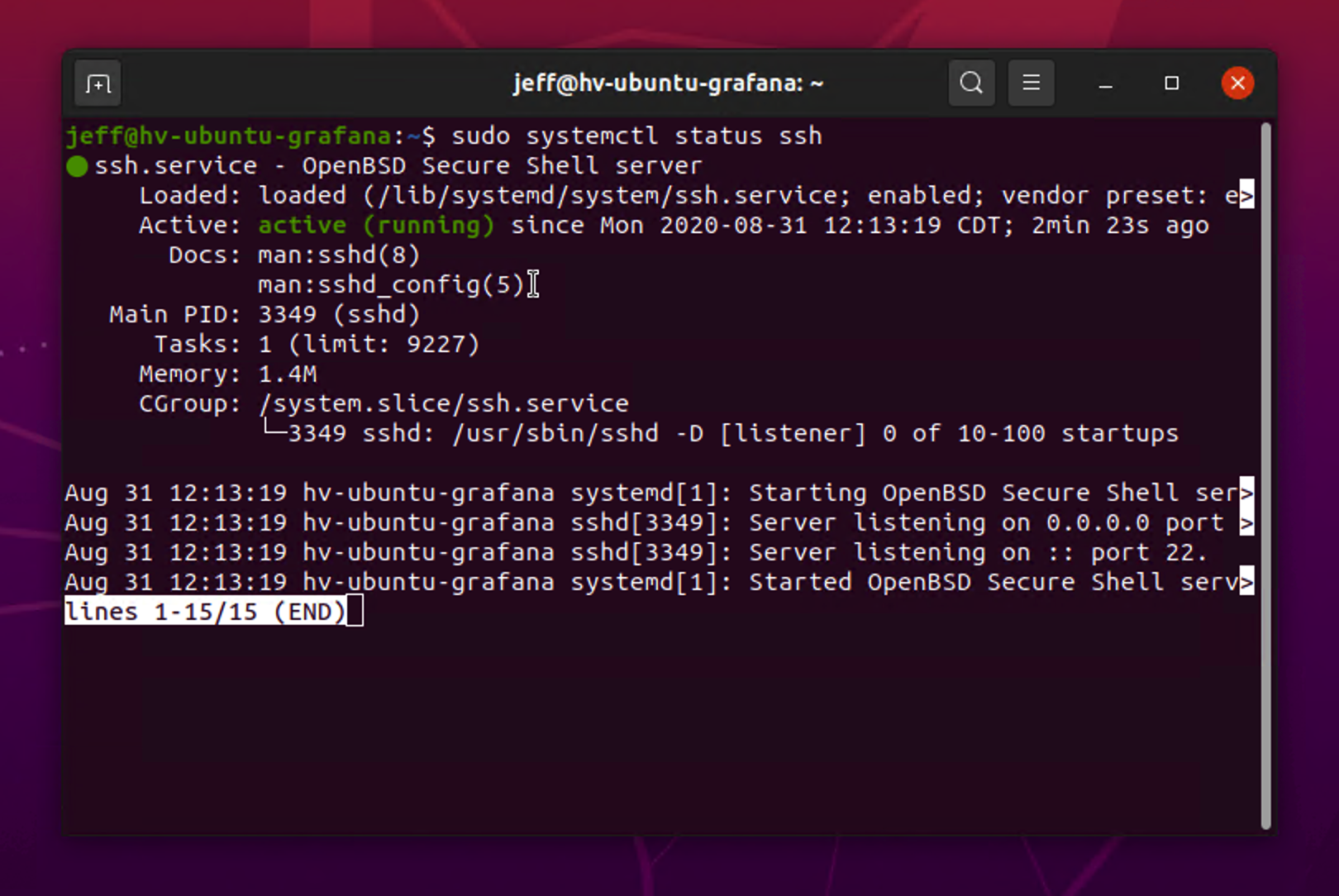SSH Ubuntu. Разрешить SSH Ubuntu. Убунта сервис. Ubuntu service.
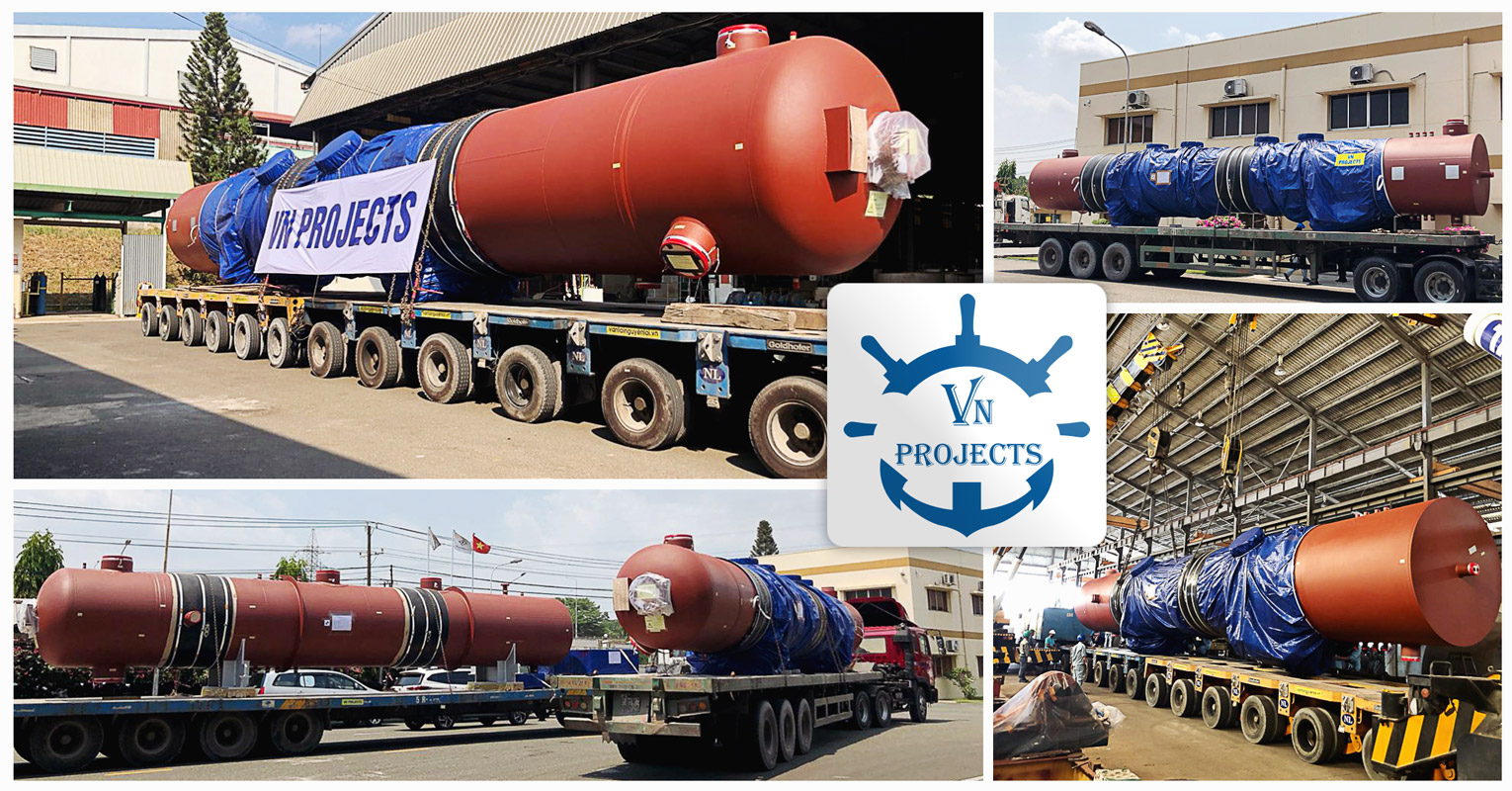 VN Projects Moving Pressure Vessels Despite the COVID-19 Lockdown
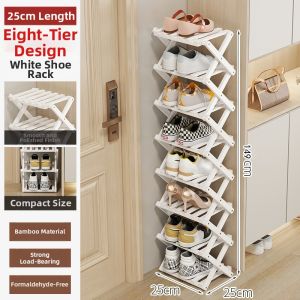 CHUJUN | Multi-Layer Easy Setup Foldable Shoe Rack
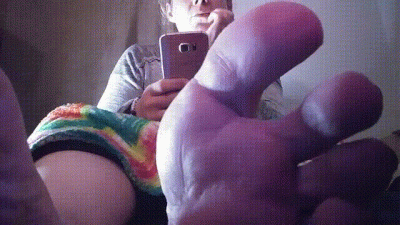 Bad Little Foot Slave Almost Gets Bl@Ckmailed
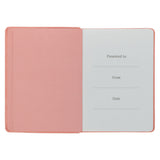 In Touch with God: 366 Devotions Peach (Faux Leather)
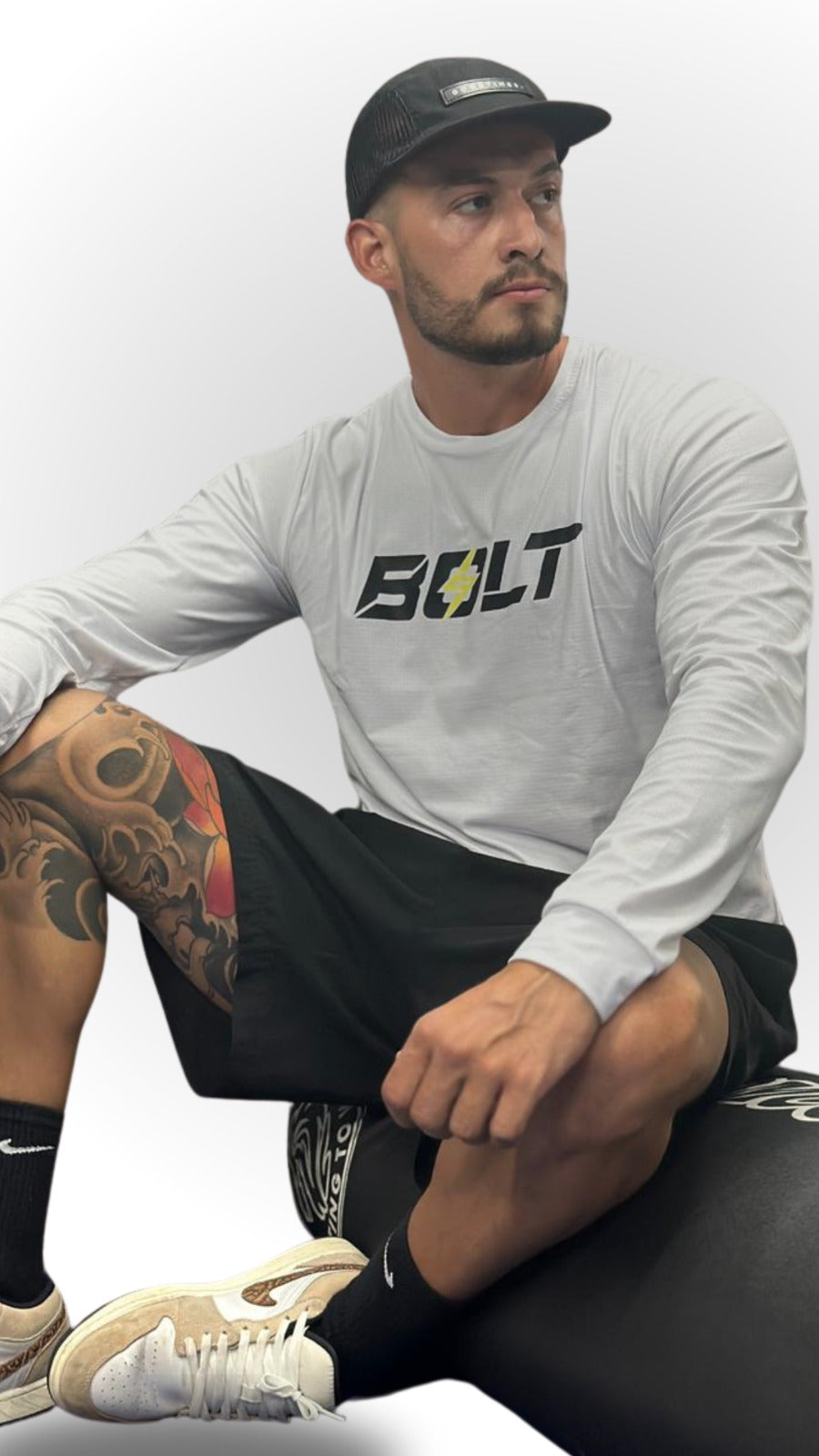 OdorBlock T-Shirt Long Sleeve - Branca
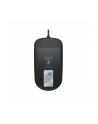 CHERRY Mouse AK-PMH3 Medical Scroll Sensor corded sealed Kolor: CZARNY IP68 kabelgebunden, Scroll Sensor, IP68 - nr 24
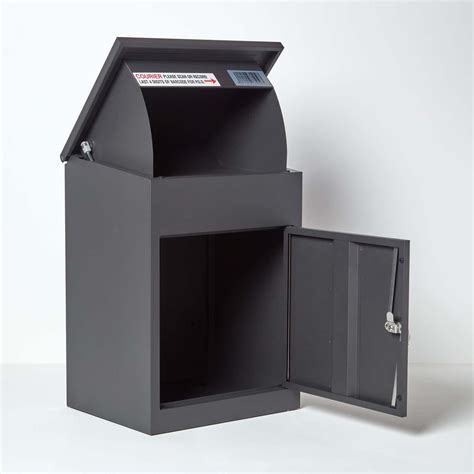 Medium Parcel Delivery Drop Box Lockable Home Storage Letter Post Box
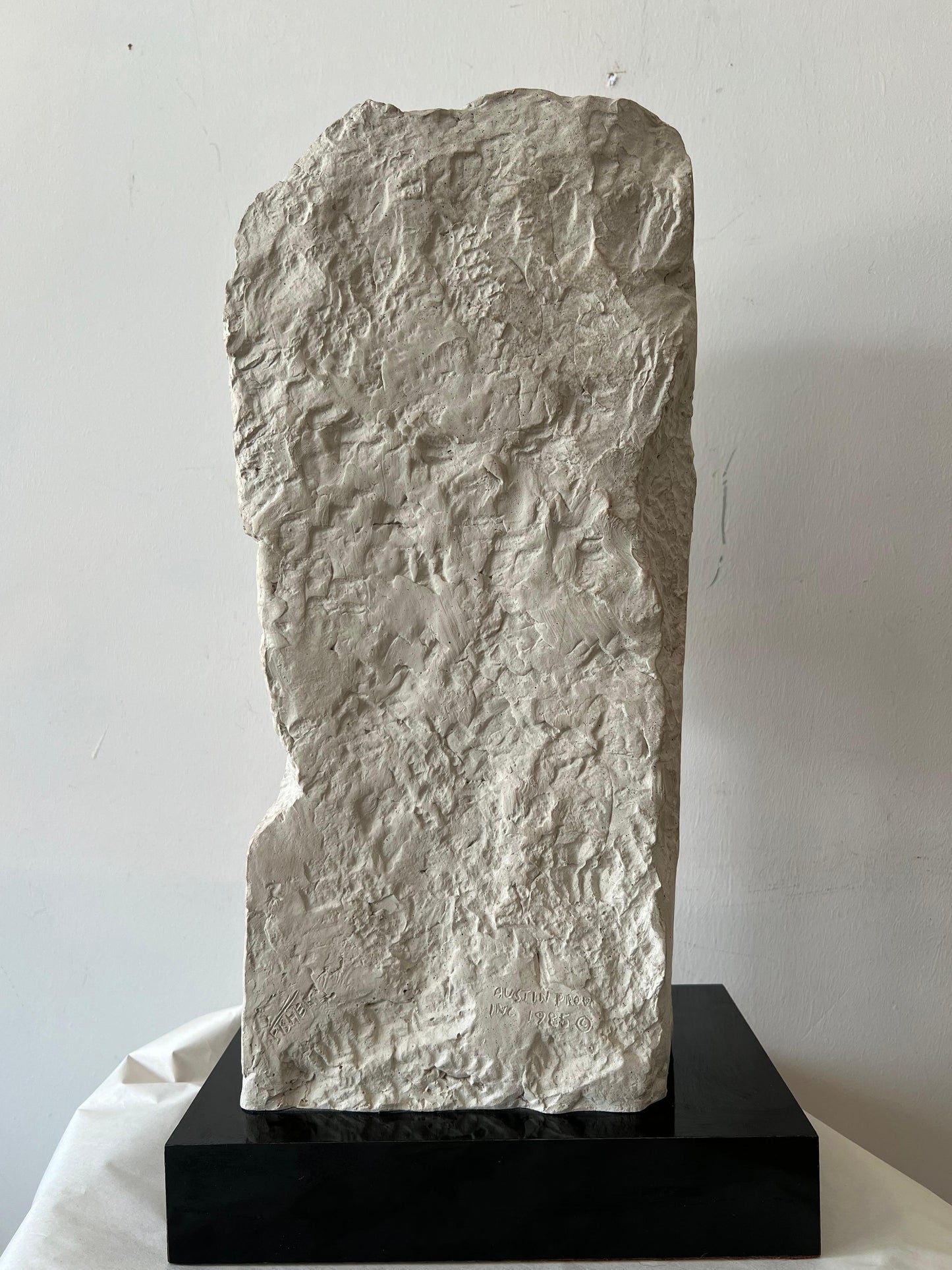 Frisman Vintage Modigliani Style Sculpture ca' 1985 Tete
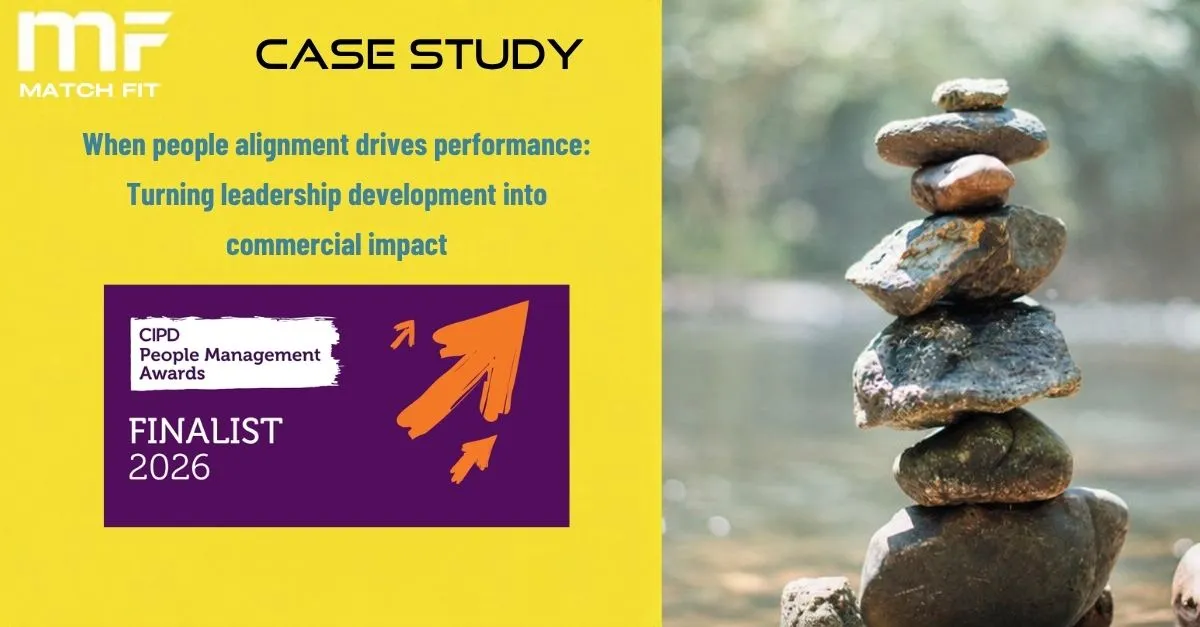 Case study image of how leadership development delivers commercial impact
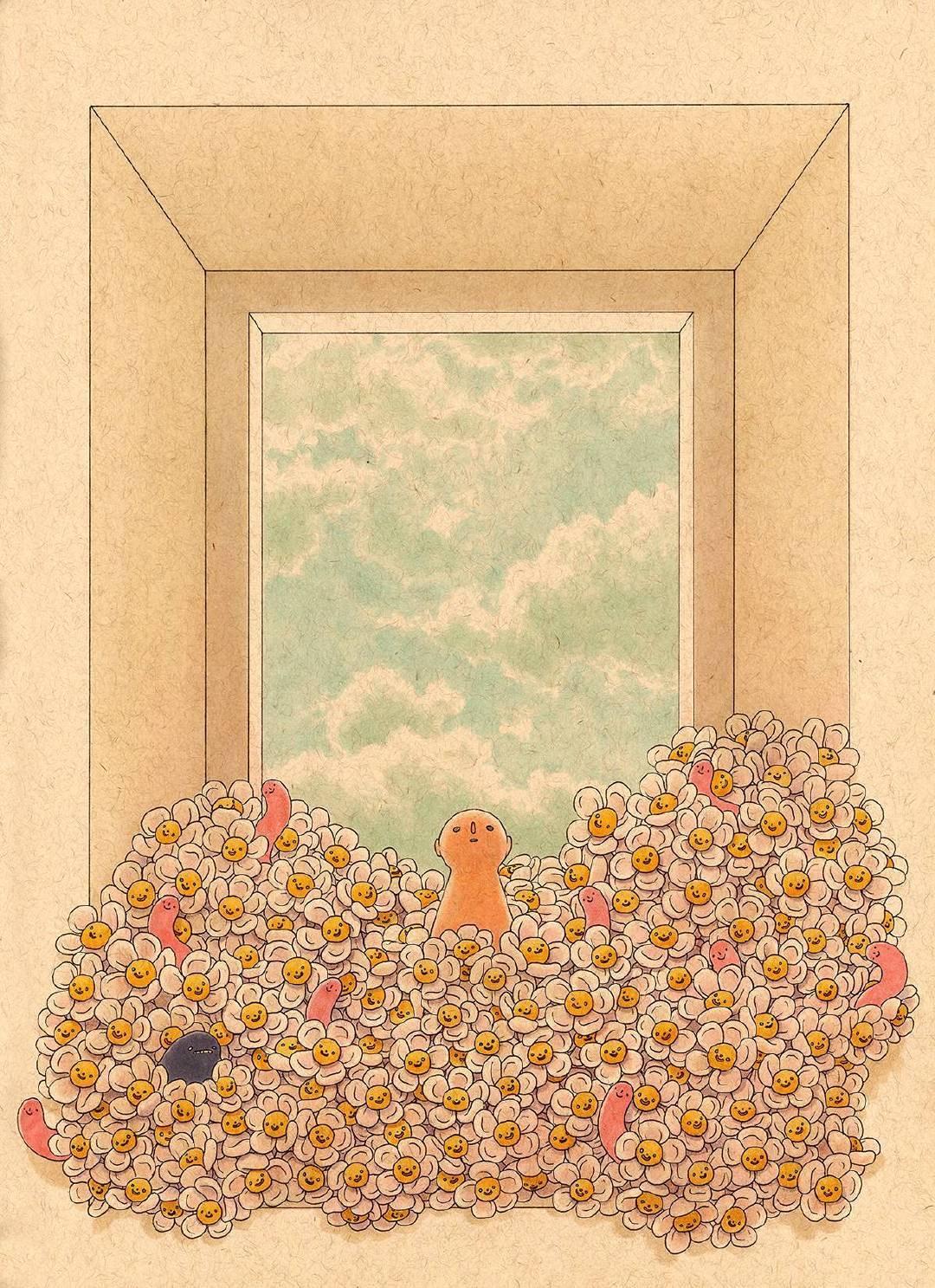 来自中国台湾的插画师 Felicia Chiao，现居<a href=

§ WORK TASK
Print the material above exactly, skipping its images.

§ WRITTEN SOLUTION
SSH Ubuntu. Разрешить SSH Ubuntu. Убунта сервис. Ubuntu service.
 VN Projects Moving Pressure Vessels Despite the COVID-19 Lockdown
 CHUJUN | Multi-Layer Easy Setup Foldable Shoe Rack
 Bad Little Foot Slave Almost Gets Bl@Ckmailed
 In Touch with God: 366 Devotions Peach (Faux Leather)
 OdorBlock T-Shirt Long Sleeve - Branca
 CHERRY Mouse AK-PMH3 Medical Scroll Sensor corded sealed Kolor: CZARNY IP68 kabelgebunden, Scroll Sensor, IP68 - nr 24
 Medium Parcel Delivery Drop Box Lockable Home Storage Letter Post Box
 Frisman Vintage Modigliani Style Sculpture ca' 1985 Tete
 Case study image of how leadership development delivers commercial impact
 来自中国台湾的插画师 Felicia Chiao，现居<a href=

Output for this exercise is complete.